では、なぜBtoBにおいてもWebマーケティングが必要とされているのでしょうか。それは以下の3点に集約することができます。
顧客にとって、情報収集が容易になったから
昔は一苦労して資料やカタログを取り寄せたりしたものですが、いまや必要な情報の多くはWebに掲載されています。基本的な商品情報を知るために営業と会う必要もありません。Webに掲載されていない情報を知りたい、例えば価格を知りたいといったときに初めて営業担当を呼ぶようになるのです。
営業が迷惑がられるようになったから
ただ自社の製品やサービスを売り込むだけの営業は、迷惑な存在です。今や、そういった役割はWebマーケティングが担ってくれることを、お客様は期待しています。
むしろ営業に期待される役割は、お客様の課題を明確化し、そしてそれを解決に導くコンサルタントです。私自身ソリューション営業の経験がありますが、世の中のあらゆる営業というのはソリューション営業という役割に収斂されていくのだと思っています。
Webで存在しないことは、この世に存在しないということだから
現実に存在するものは、全てWeb上でも存在するということが当然の世界になりました。リアルで何か欲しいものがあったとしても、それをWebで検索しても出てこないということは、「これは何か怪しい商材なのかな?」という疑いすら持たれかねません。
もはや、Web上で存在しないということは、リアルにも存在しないということとほぼ同義であると言っても過言ではありません。Webできちんと存在感をアピールするということは、顧客にとって必要な信頼を与えるための最低限の手段となったのです。
BtoBでWebマーケティングを行う目的は2つだけ
BtoCにおいて、Webマーケティングの目的は明確です。それは、そのモノを買わせるということです。宣伝活動そのものも大事ですが、それはあくまでWeb上で購入を決済して欲しいからです。
しかし、BtoBのWebマーケティングの世界において、Web上で購入が決済されるということは稀です。法人が購入の主体である以上、Webを見ている個人が決裁権限を持っていることはなく、きちんと社内で検討してからそのものを買うようになるからです。
実際にそれを買おうと意思決定をしてからも、担当者が稟議書を書いて、それが社内の関係部門に承諾されてからでないと購入にいたることはありません。
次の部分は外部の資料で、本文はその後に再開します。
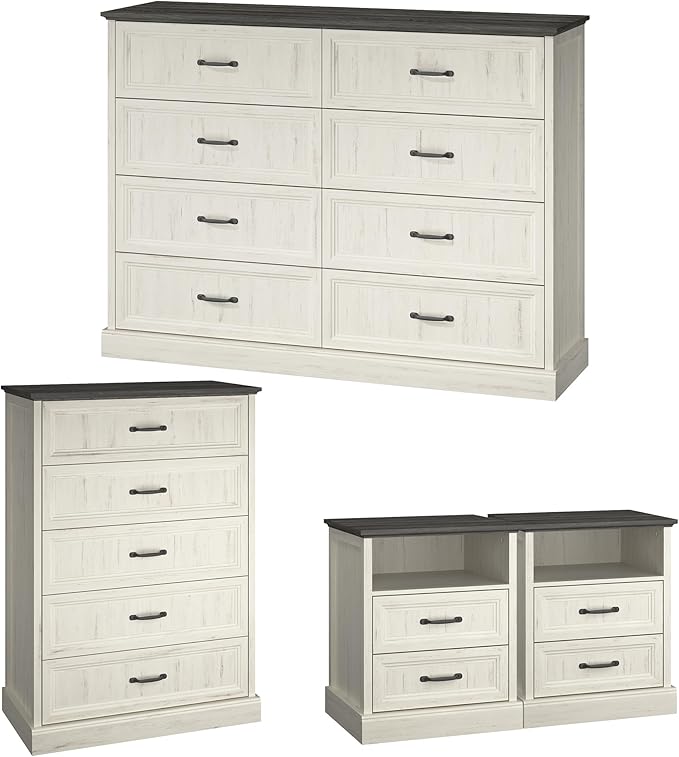 Farmhouse Dresser and Nightstand Sets, 4Pcs Bedroom Furniture Set, Nightstand Set of 2 & 55" Wide 8 Drawer and 44" Tall 5 Drawer Dresser with Large Drawers & Bar Handles, White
では、なぜBtoBでWebマーケティングを行うのか。その目的は
- 見込み顧客を発掘すること
- 見込み顧客を育てること
の2つしかありません。
この2つの目的を達成するために必要な手順を、本書は以下のようにまとめてくれています。
BtoB Webマーケティング実践の4つの手順
0から完璧なWebマーケティングの仕組みを作り上げることは不可能であるのみならず、莫大な工数がかかります。
そこで、本書はまず既に社内にある様々な資産を活用することを薦めます。そして、お客様から問い合わせをもらう「コンタクトポイント」から逆算してWebマーケティングの全体設計を行う方法を提示してくれます。
手早く実践に移るためには、現状保持している「営業資産」をフル活用できるかどうかが重要です。過去に使った提案資料やイベントで製作したチラシなど、過去の営業資産をフル活用することで、コンテンツ作成の手間を大幅に削減することができるのです。(STEP1)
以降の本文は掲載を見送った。